I have been treading water for a few years now. Letting life pass me by while I overcame some personal challenges, which I can say has been done. Rear view mirror. Check. Complete.
As this first day of 2024 progresses I have put my time to good use. This will not be a year I will allow to pass. I am making changes. One way or another, I will not be in the same place by the end of this year.
To this goal, I used some of the holiday period to retrain. More accurately, to focus on and hone my existing skill set. Over the years I have made and managed projects of many sizes, in more than a dozen careers. Delivering results along the way. Either as a solo operator, or running teams both small and large to meet the required objectives. On time, on budget, on point. Get the job done. That’s the point.
I have no official certifications.

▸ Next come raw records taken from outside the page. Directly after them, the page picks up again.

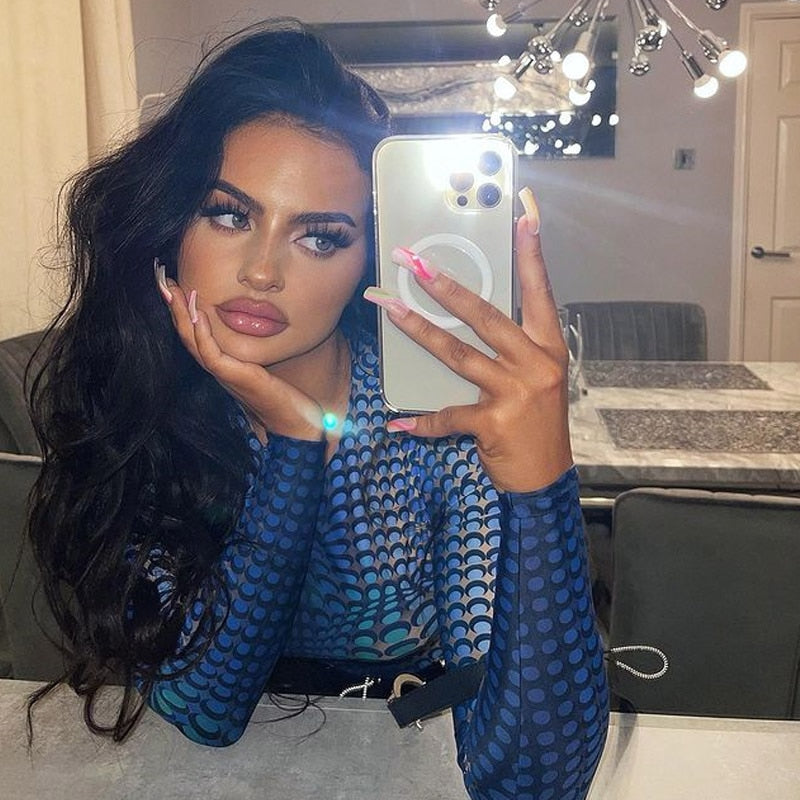 Printed Polka Dot Tight Hipster Bodysuit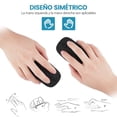 thumbnail image 4 of Ratón Óptico Inalámbrico YOMYM Negro Recargable con USB y Adaptador Tipo-C 3 Niveles de dpi para Com, 4 of 7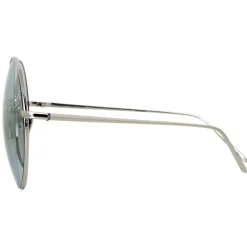 Linda Farrow - 626 C6 Square Sunglasses - White Gold - Linda Farrow Eyewear - Avvenice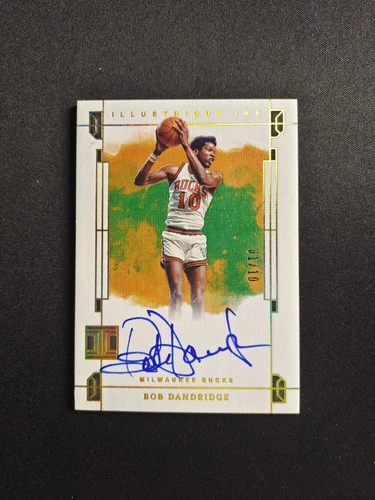 2023-24 Panini Impeccable Bob Dandridge 1/10 Illustrious Ink Auto Gold XV44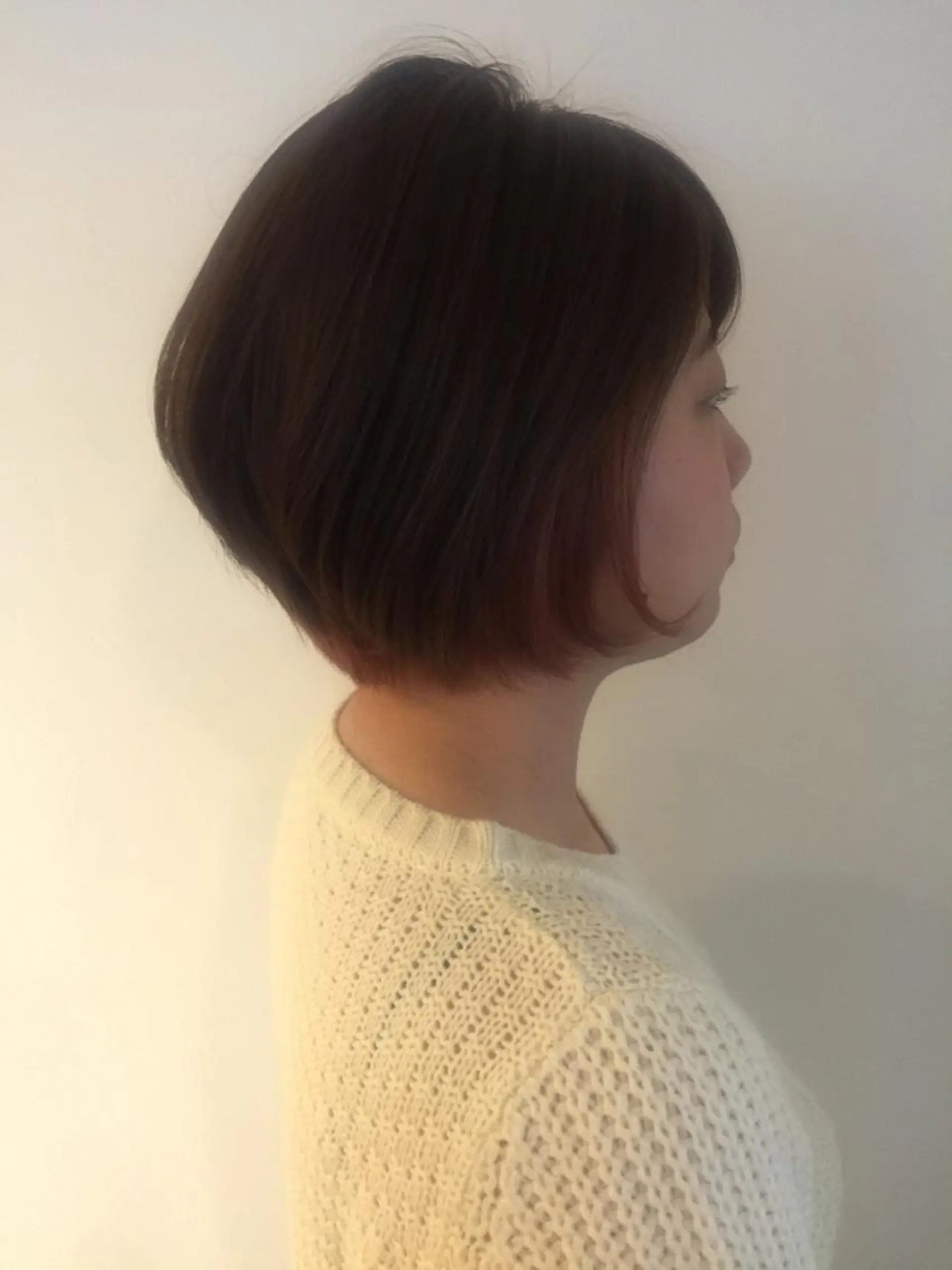 ショート ショートボブ ボブ ショートヘア カット ヘアカラー 稲田 結衣夏のヘアスタイル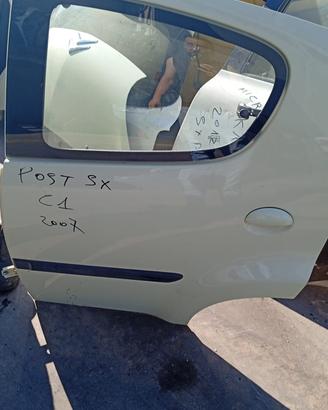 CITROEN C1 PORTA POSTERIORE SX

Never got that degree. So I thought it was time to formalise some of that experience and skill set, and engaged in the Six Sigma Green Belt project management program. Six Sigma has a 370 page manual, freely available to those that can stomach this amount of reading. Knock yourself out. Six Sigma is defined in the manual as “… both a methodology for process improvement and a statistical concept that seeks to define the variation inherent in any process”.
In English, it makes things better.
Six Sigma is a framework to reduce the delta between theoretical perfection and real-world scenarios. Specifically, it allows analysis of any process to determine what needs to be improved, how easily, how much, how long it will take, and at what approximate cost. All using the actual available data. That kind of detail is really popular with executive teams.
The ability to say “The data shows that this process can be done 30% cheaper, using fewer resources, and resolving four primary pain points” is a persuasive argument that is hard to ignore, especially when borne out with actual data.
Six Sigma covers the entire gamut of change management and process improvement, using real-world data to perform statistical analysis, hypothesis projection, management presentations and reports, right up to control processes and project sign off on completion. Quite comprehensive. And I am pleased to say that I learned a few things and added some new tools to my toolbox, which I can and will use on all future projects. It’s useful to know, rather than guess at how to improve things.
I shall use this knowledge as I always use learning: As a springboard to reinvent myself. Again.
Because I like to do that every decade or so. It’s time.